Intellectual balkanization

Time to step away from the looming crises of Peak Oil, Peak Food, Peak Everything (the theme of our annual July conference in Vancouver; there's still a handful of slots remaining) and examine one of the demographic/psychographic trends that will also shape our future in the decade to come.

"Intellectual balkanization" is one way to describe it.  "The Big Sort" is what author Bill Bishop labels it in a new book of the same name.  "Americans are increasingly forming like-minded clusters," reports The Economist. "Conservatives are choosing to live near other conservatives, and liberals near liberals."

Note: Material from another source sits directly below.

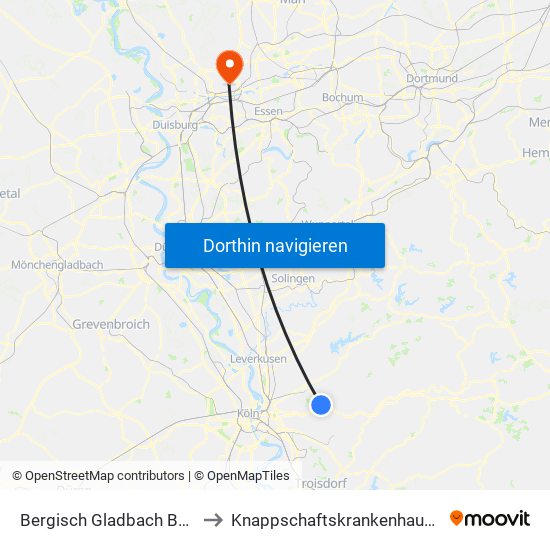 Bergisch Gladbach Bensberg to Knappschaftskrankenhaus Bottrop map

A good way to measure this is to look at the country's changing electoral geography. In 1976 Jimmy Carter won the presidency with 50.1% of the popular vote. Though the race was close, some 26.8% of Americans were in “landslide counties” that year, where Mr Carter either won or lost by 20 percentage points or more.

The proportion of Americans who live in such landslide counties has nearly doubled since then. In the dead-heat election of 2000, it was 45.3%. When George Bush narrowly won re-election in 2004, it was a whopping 48.3%. As the playwright Arthur Miller put it that year: “How can the polls be neck and neck when I don't know one Bush supporter?” Clustering is how.

A society that's grown ever-more mobile in the last three decades has made it possible for like-minded people to congregate, and concentrate.  "An accountant in Texas, for example, can live anywhere she wants, so the liberal ones move to the funky bits of Austin while the more conservative ones prefer the exurbs of Dallas. Conservative Californians can find refuge in Orange County or the Central Valley."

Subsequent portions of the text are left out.